How many scopes were tested for each make and model? This is a biased sample size and nothing conclusive can be drawn from a spread sheet with pass or fail.
Once again, this data is useless with such a small sample size. You can’t test 1, 2 or even 10 scopes and say that it is representative of the entire population….you need hundreds if not thousands of samples for each scope. People should definitely be testing this stuff for themselves and not believing everything they read just because someone tested a few scopes.
I understand your frustration, but I think you are highlighting aspects that are outside the scope of what Formi has laid out.
Large sample sizes are obviously not realistic for this program, and if you go back and read some of Formi's posts he's been careful to call these scope "evals" and not "tests". That was smart, and I would say highly commendable.
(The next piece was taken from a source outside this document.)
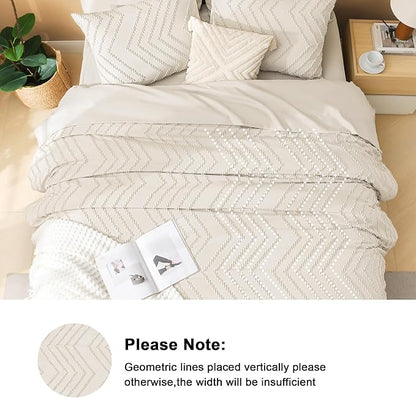 Litanika Super King Plus Size Comforter Set with Sheets Beige - 7 Pieces Bed in a Bag Oversized King Boho Tufted Complete Bedding Sets with Comforter, Sheets, Pillowcases & Shams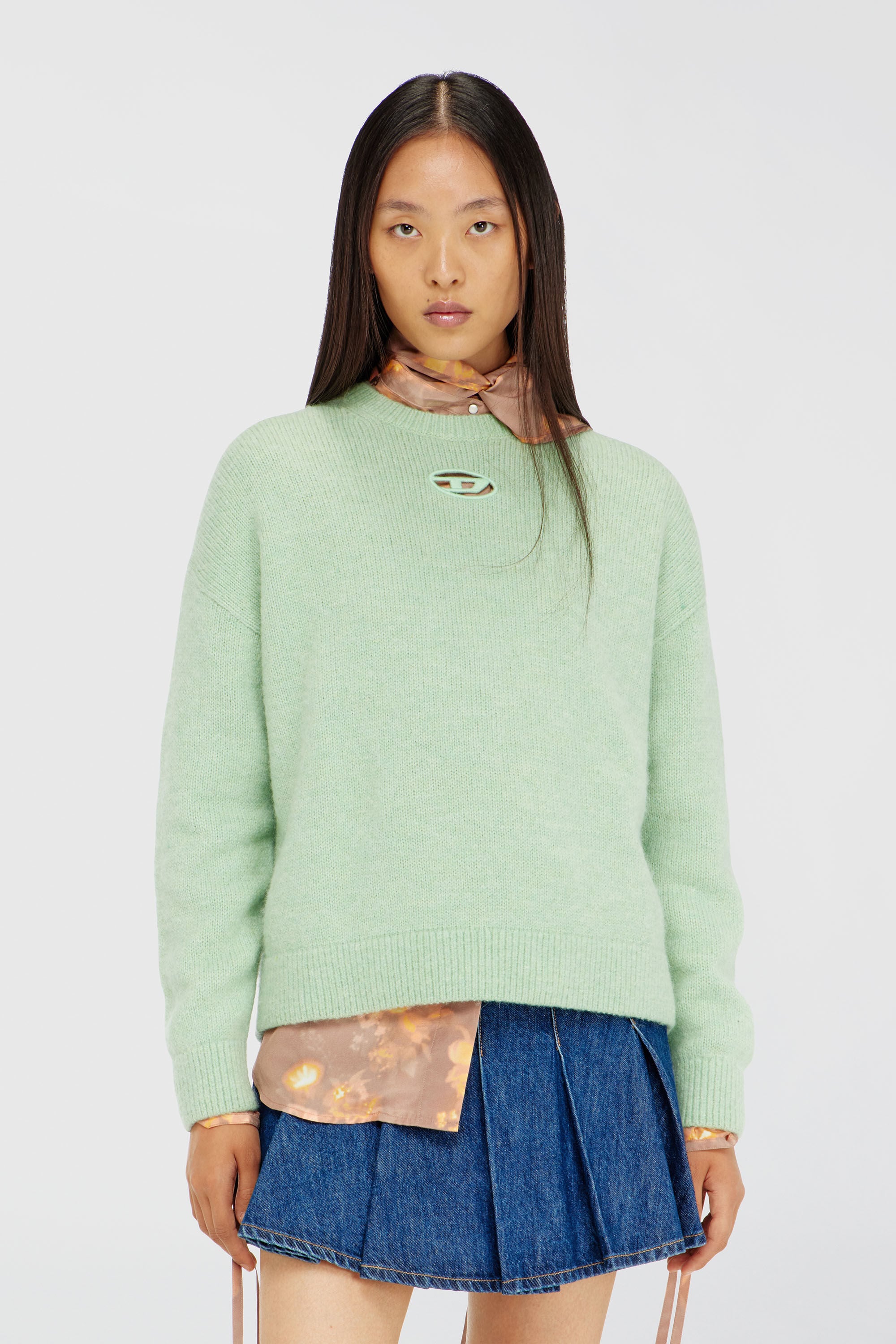 Diesel - M-AREETA, Woman's Jumper in wool and alpaca blend in Water Green - 3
He did that well before it even became a thing on Rokslide (i.e. posted it on other forums). Many members believe that "drop testing" started at Rokslide - it's been going on well before Rokslide was ever created.
Anyway, I would just think of "drop tests" as a gut-check, spot test, or simply a consumer's proof of concept (prior to incorporating a scope onto a platform) rather than a scientific study.
How is it useful?
You're looking for solid designs. If one sample of a certain model passes, you assume that the actual mechanical design is sound. At least for that application. You perform ongoing monitoring, and ideally add more samples. That's pretty straight forward.
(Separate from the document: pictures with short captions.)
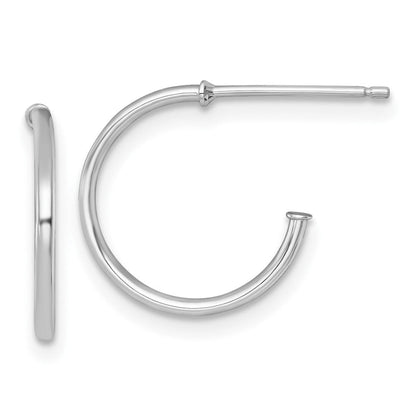 14K Weißgold 1.2 X 14mm Poliert Stecker Creolen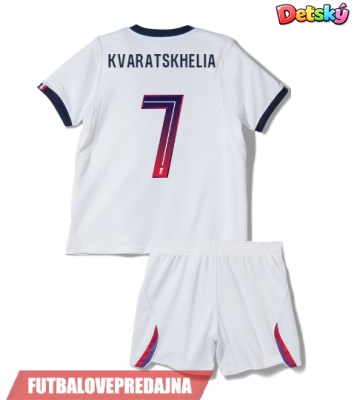 Lacne Dětský Futbalové dres Paris Saint-Germain Khvicha Kvaratskhelia #7 2026-27 Krátky Rukáv - Preč (+ trenírky)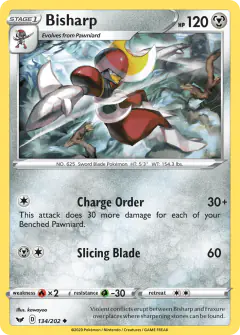 Bisharp 134/202 Uncommon card from Sword & Shield Base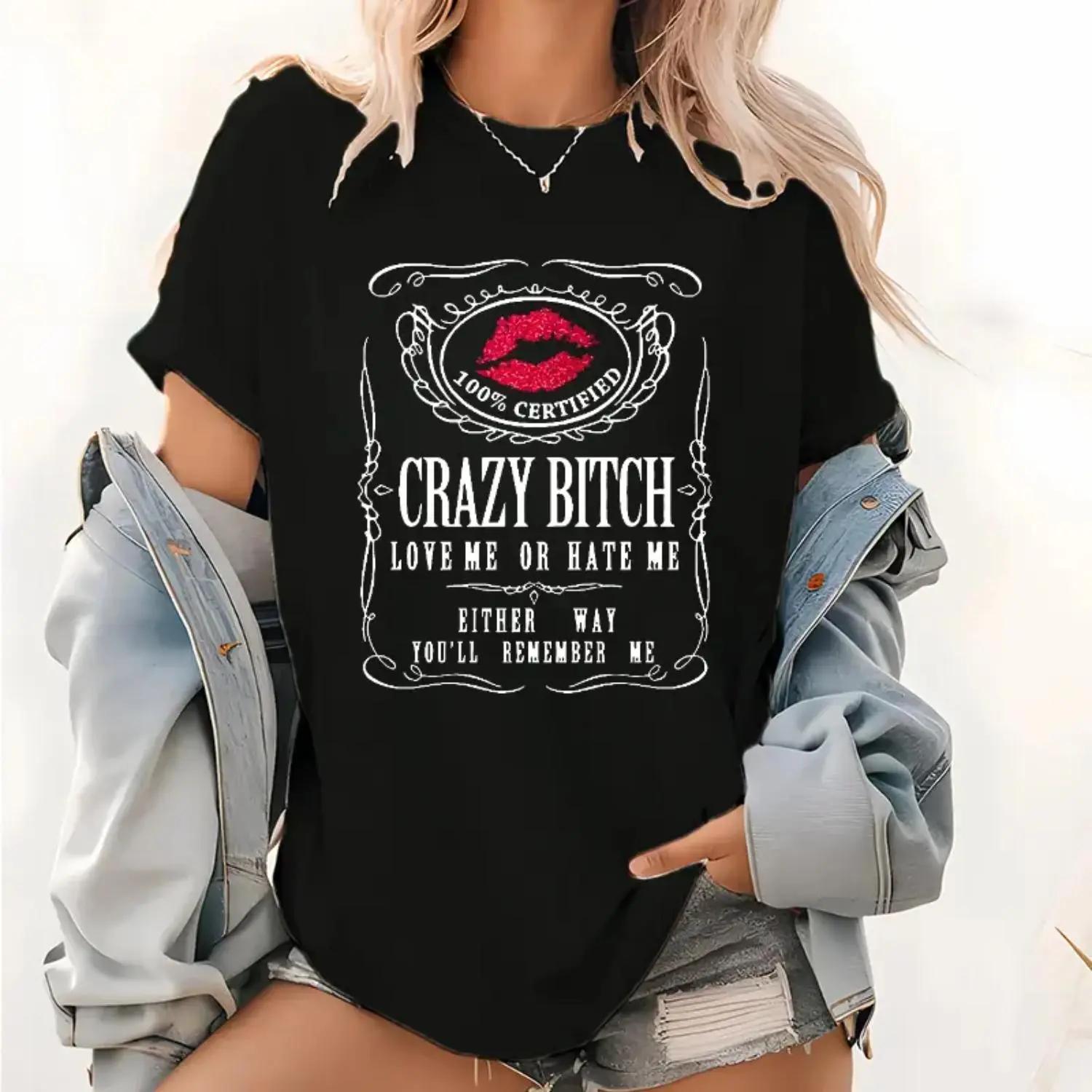 Women's Casual Cotton Short-Sleeve Graphic Tee, Humorous Bold Statement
However, if one sample of a certain model fails, then it gets more complicated. If it confirms a previous bias, one may see little value in doing more evaluations. Especially if the track record from other reliable sources support that decision.
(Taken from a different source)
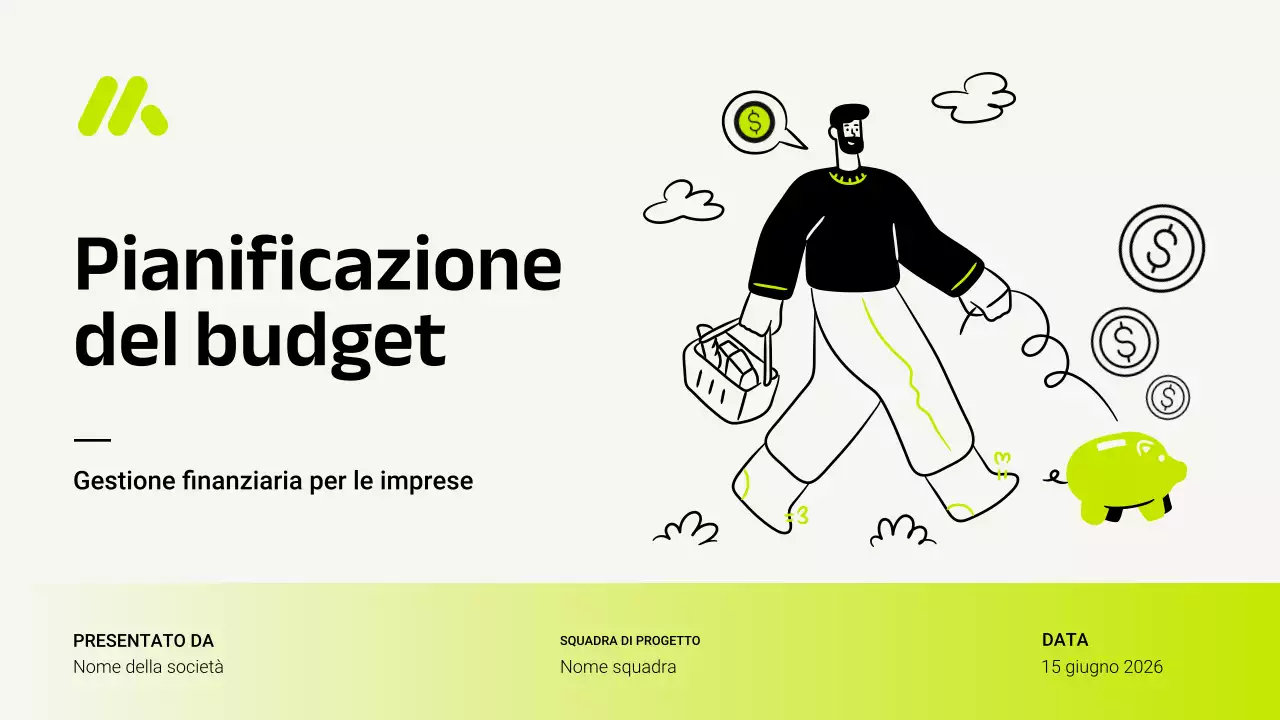 Presentazione del pianificatore di budget moderno verde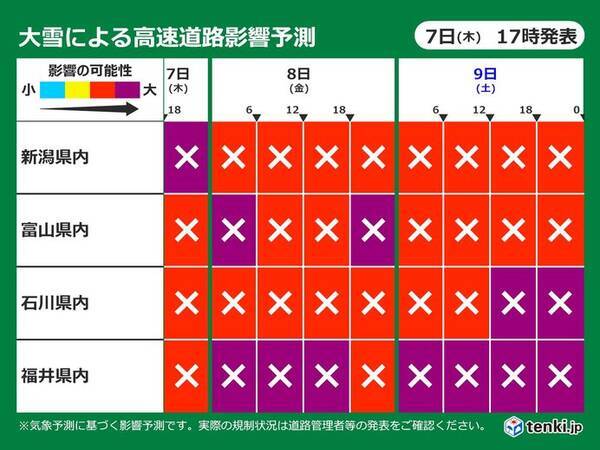 北陸 きょう7日夜から降雪量激増の予想 大雪要警戒 2021年1月7日 エキサイトニュース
If subsequent samples continue to fail, then why continue? Root cause might be design and/or build quality, but who cares?
If instead, some of the samples pass and some fail then you need to look into the build quality. Obviously the design is sound, given that some samples passed.
That's where statistics becomes most relevant - characterizing that one particular model that has some fails. We'll need sufficient samples, repeatable methods, thorough documentation, blah, blah, and blah. But is it worth it, to determine a failure rate? Maybe, but I think time/money would be better invested in other designs.
Limitations...
Unfortunately, we are somewhat stuck relying on track records. So if a certain model passes, ideally with multiple samples, and we have corroborating information from other reliable sources, then it's about as good as it gets without more time/money.
Some people may remember when Frank Galli stated that Nightforce failed the least, Leupold the most, and S&B somewhere in between. How many samples, under what conditions, and what measures? Who knows, but his observation can still be valuable, even taken with a grain of salt. Just remember, things can change!
There's a group of people that would trust their life with a DMR/HDMR anywhere in the world, even today with newer options. I'd be interested in failure rates, infant mortality, and other measures, but some of those scopes saw absolute hell and created fans for life. I can't quantify that, but respect the track record and sources. Especially given the application.